Federspecializzandi. Alicino confermato presidente. “Serve nuova programmazione economica”

Federspecializzandi. Alicino confermato presidente. “Serve nuova programmazione economica”

Federspecializzandi. Alicino confermato presidente. “Serve nuova programmazione economica”
La conferma è arrivata "poichè in questa fase è necessario lavorare all'insegna della continuità". Alle istituzioni chiederemo di "rivedere i finanziamenti per i nuovi contratti di specializzazione, largamente insuffiecienti". E verranno chiesti interventi "anche sugli ordinamenti, poichè manca omogeneità".

Cristiano Alicino è stato confermato presidente nazionale di Federspecializzandi. Ricoprirà così la carica anche per l’anno sociale 2013-2014. All’assemblea confederale ordinaria hanno preso parte i 35 delegati delle associazioni confederate. Per quanto riguarda gli altri incarichi, il nuovo Vicepresidente Vicario é il Dott. Rafi El Mazloum (Scuola di Specializzazione in Medicina Legale, Università degli Studi di Padova); il nuovo Vicepresidente è il Dott. Antonio Renna (Scuola di Specializzazione in Oftalmologia, Università degli Studi di Udine); il nuovo Segretario Generale è il Dott. Jacopo Testa (Scuola di Specializzazione in Malattie Infettive, Università degli Studi di Pavia – Sede Federata di Varese); il nuovo Tesoriere è la Dott.ssa Maria Pantusa (Scuola di Specializzazione in Neurologia, Università degli Studi Magna Graecia di Catanzaro).
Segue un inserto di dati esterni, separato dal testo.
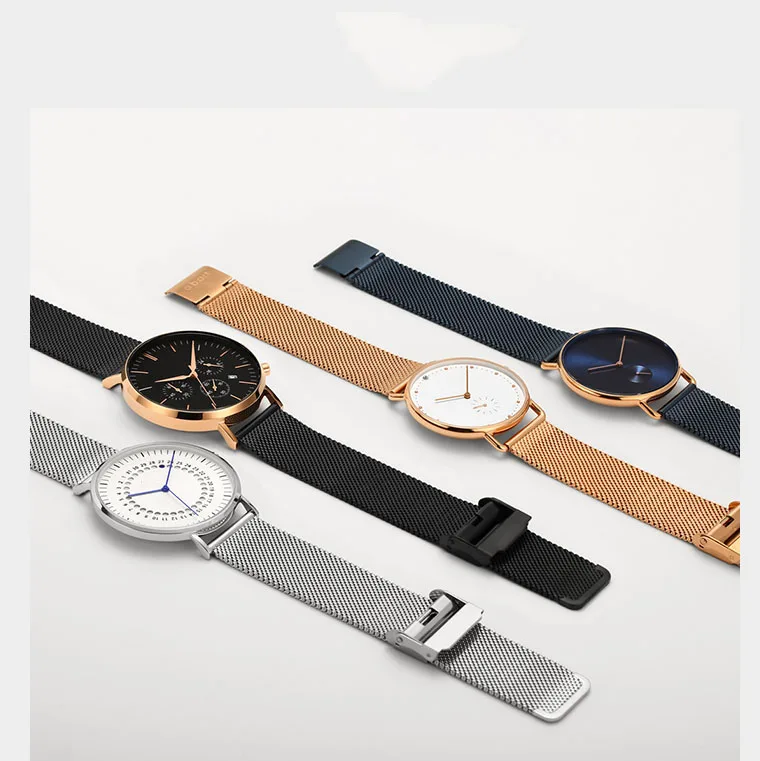 Ремешок Миланская петля из нержавеющей стали для наручных часов плетеный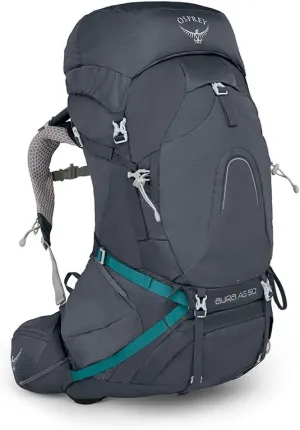 Osprey Aura AG 50L Women's Backpacking Backpack, Vestal Grey, Medium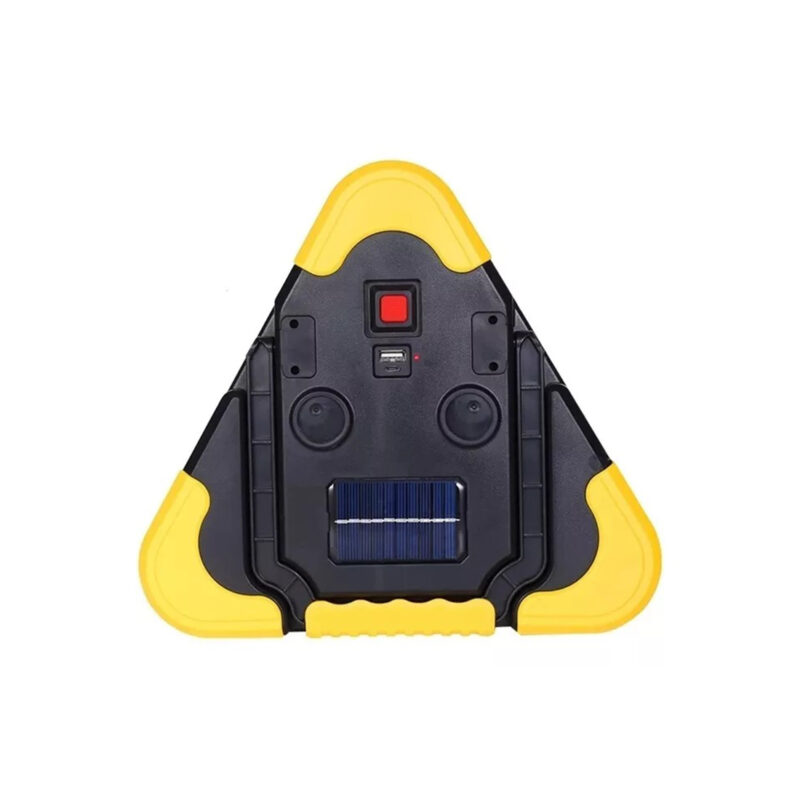 Triángulo de Seguridad LED Solar USB 10W 6000K, Luz Roja Emergencia - Imagen 2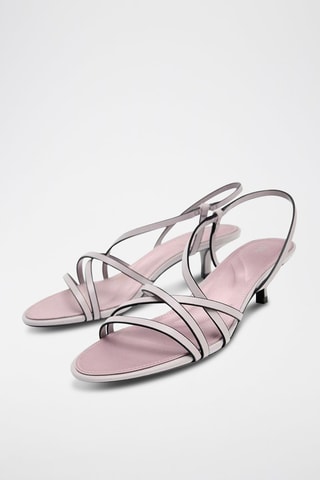 Sandálias de salto em couro - Rosa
“Da quando esiste Federspecializzandi è la prima volta che il presidente viene riconfermato – ha sottolineato Alicino – Questa scelta equivale a una garanzia di continuità con il lavoro svolto sino a questo momento. Stiamo infatti attraversando una fase politica molto particolare e delicata in cui è indispensabile una solida e accurata interlocuzione con i soggetti istituzionali”.

A livello operativo “continueremo a batterci – ha assicurato – affinché venga rimpolpato in maniera consistente il finanziamento per i nuovi contratti di specializzazione, che allo stato attuale è largamente insufficiente. Si rischia di aggravare ulteriormente la già drammatica frattura generazionale, con migliaia di laureati in medicina che potrebbero restare a piedi”.

Per Alicino “la gravità della crisi è sotto gli occhi di tutti, ma in questi anni è mancata una programmazione economica efficace”. Per quanto concerne i percorsi formativi, è sempre più urgente “individuare strumenti che innalzino il livello qualitativo, attualmente non soddisfacente. Si registra inoltre una dannosa eterogeneità territoriale, che impone una profonda revisione degli ordinamenti sulla base delle profonde trasformazioni che stanno attraversando la professione medica”.

Secondo il riconfermato presidente, gli ordinamenti “sono ancora troppo generici e la discussione di una tesi al termine del percorso non consente di misurare adeguatamente la reale preparazione e le effettive competenze degli specializzandi. Sarebbe invece opportuno – suggerisce – introdurre un esame finale più consistente, strutturato su scala nazionale o ancora meglio a livello europeo”.